Given entries →
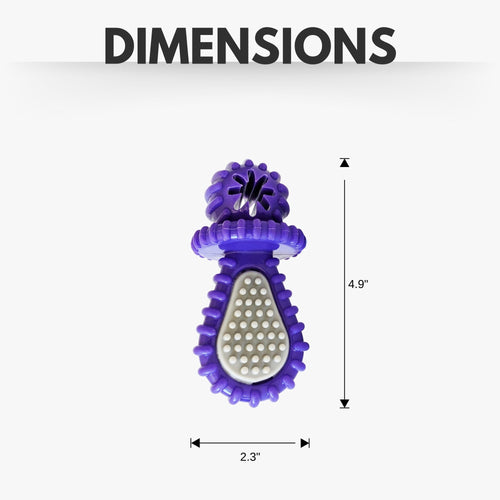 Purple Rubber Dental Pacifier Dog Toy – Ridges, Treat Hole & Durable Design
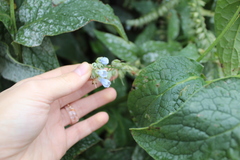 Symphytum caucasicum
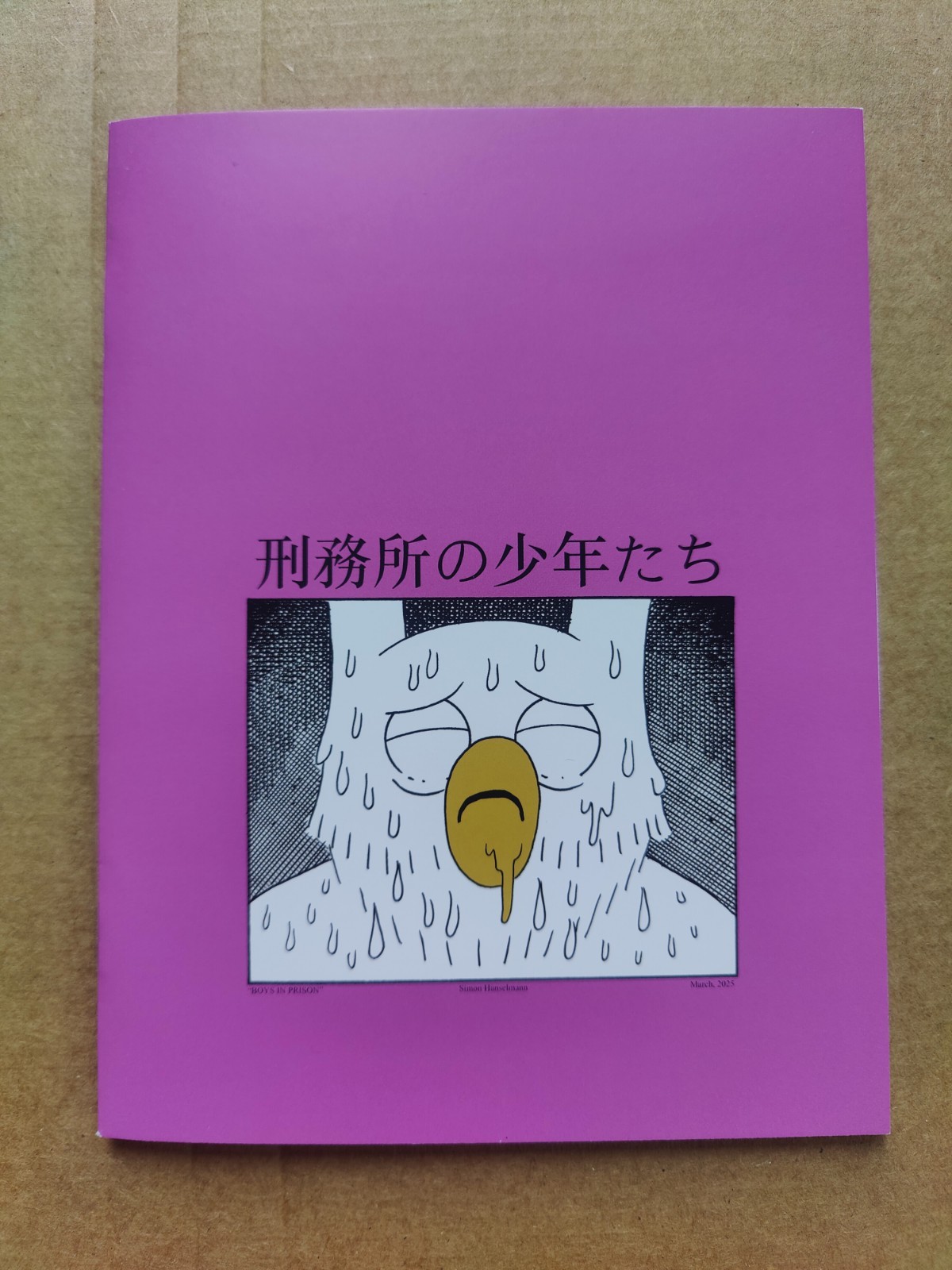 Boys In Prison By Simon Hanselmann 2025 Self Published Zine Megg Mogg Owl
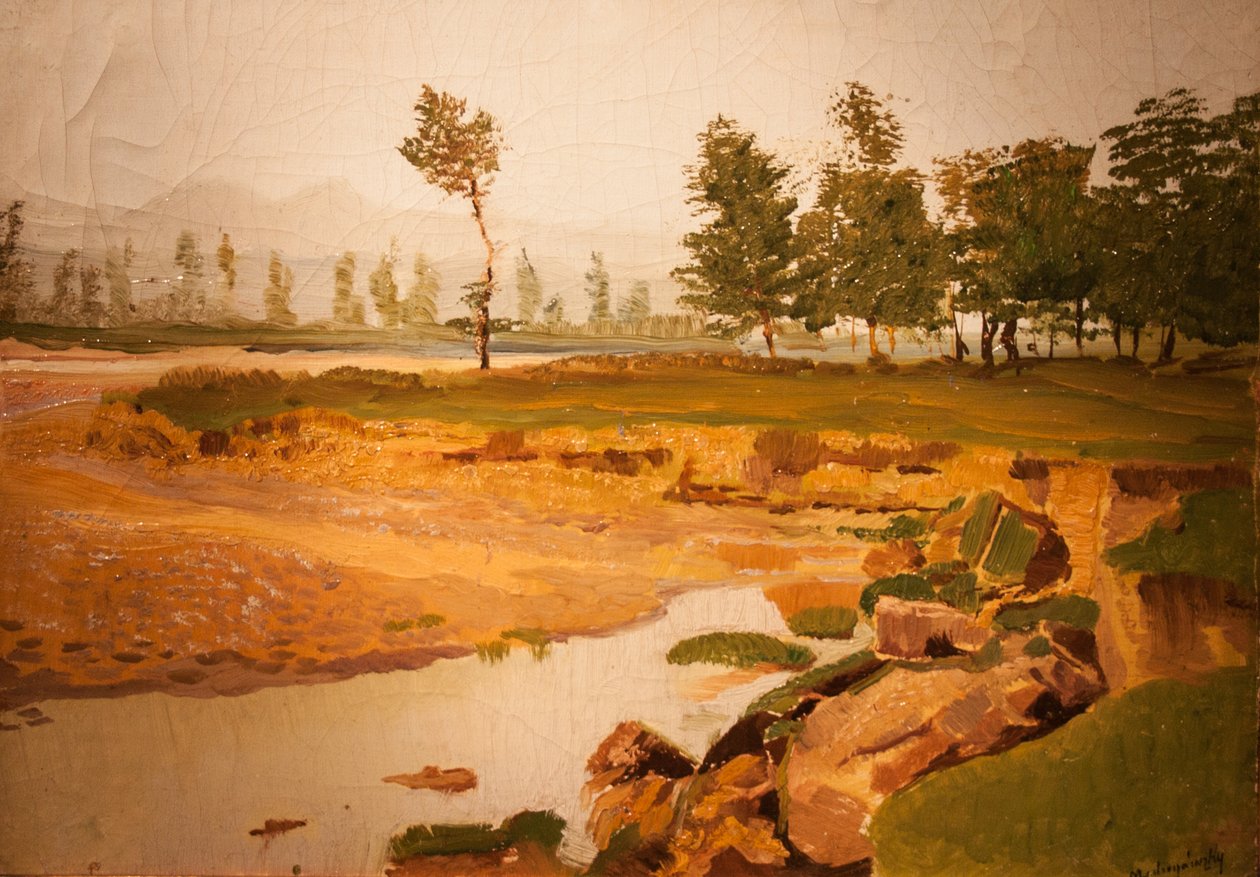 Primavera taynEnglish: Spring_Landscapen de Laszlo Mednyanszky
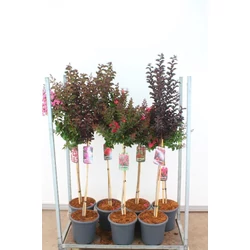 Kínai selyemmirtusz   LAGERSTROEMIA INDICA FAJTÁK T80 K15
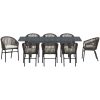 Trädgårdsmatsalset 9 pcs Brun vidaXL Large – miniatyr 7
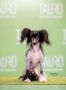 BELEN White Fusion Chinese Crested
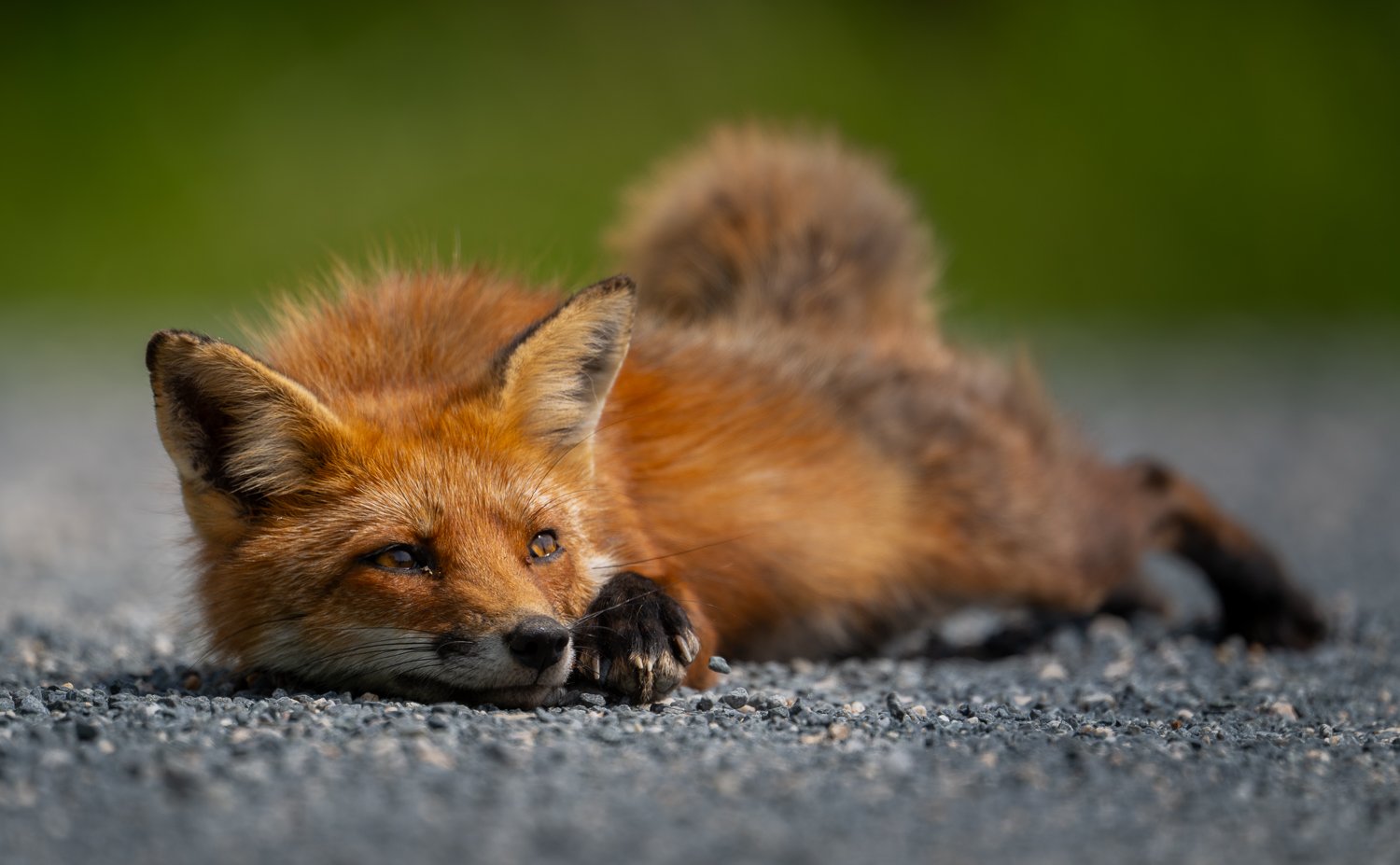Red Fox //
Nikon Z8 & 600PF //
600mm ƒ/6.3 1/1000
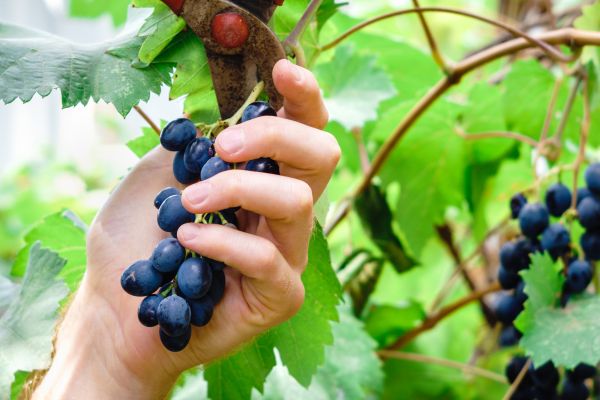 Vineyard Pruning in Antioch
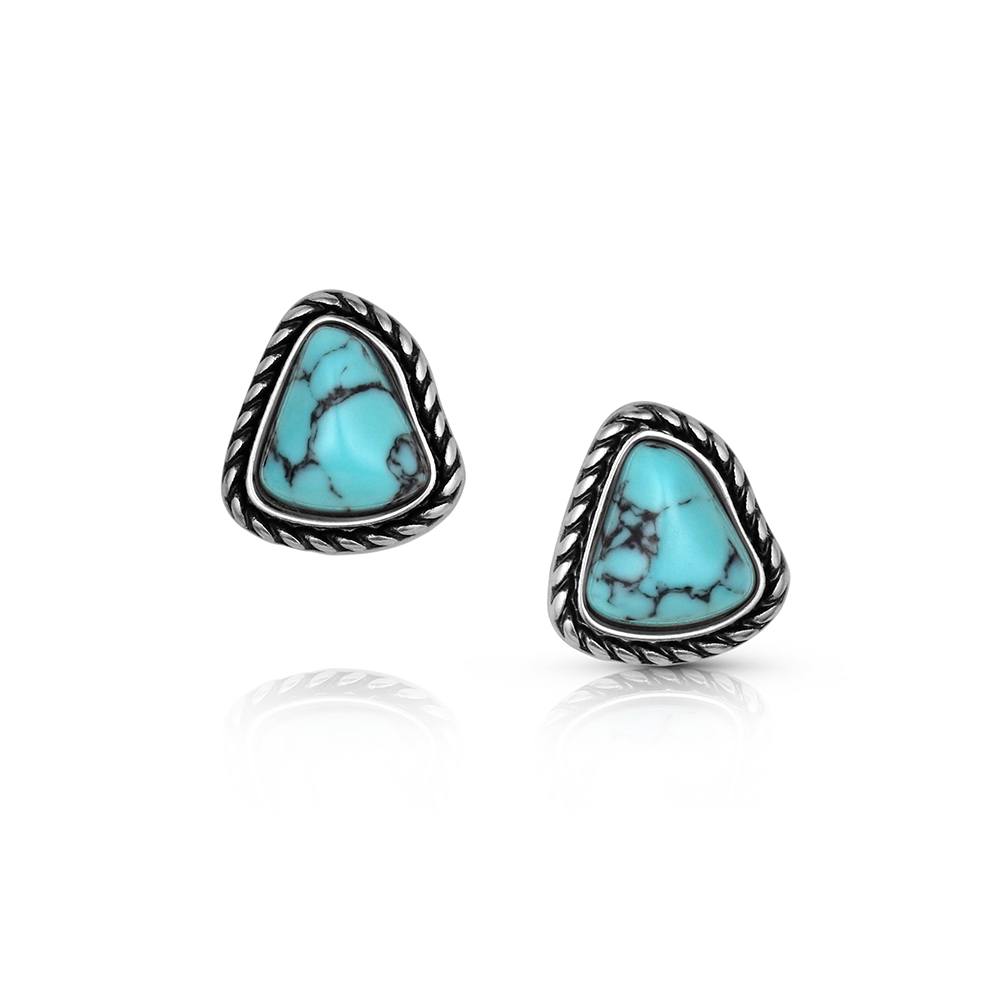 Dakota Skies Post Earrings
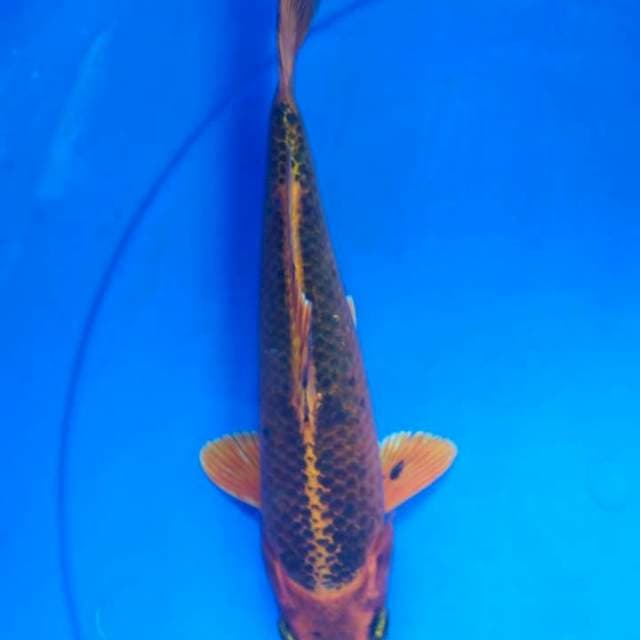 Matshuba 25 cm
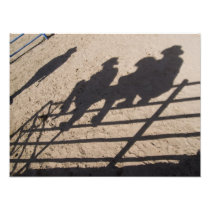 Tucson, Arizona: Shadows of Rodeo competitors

What to produce → The answer is the full set of records printed exactly, less the pictures.

Result below →
 Purple Rubber Dental Pacifier Dog Toy – Ridges, Treat Hole & Durable Design
 Symphytum caucasicum
 Boys In Prison By Simon Hanselmann 2025 Self Published Zine Megg Mogg Owl
 Primavera taynEnglish: Spring_Landscapen de Laszlo Mednyanszky
 Kínai selyemmirtusz   LAGERSTROEMIA INDICA FAJTÁK T80 K15
 Trädgårdsmatsalset 9 pcs Brun vidaXL Large – miniatyr 7
 BELEN White Fusion Chinese Crested
Red Fox //
Nikon Z8 & 600PF //
600mm ƒ/6.3 1/1000
 Vineyard Pruning in Antioch
 Dakota Skies Post Earrings
 Matshuba 25 cm
 Tucson, Arizona: Shadows of Rodeo competitors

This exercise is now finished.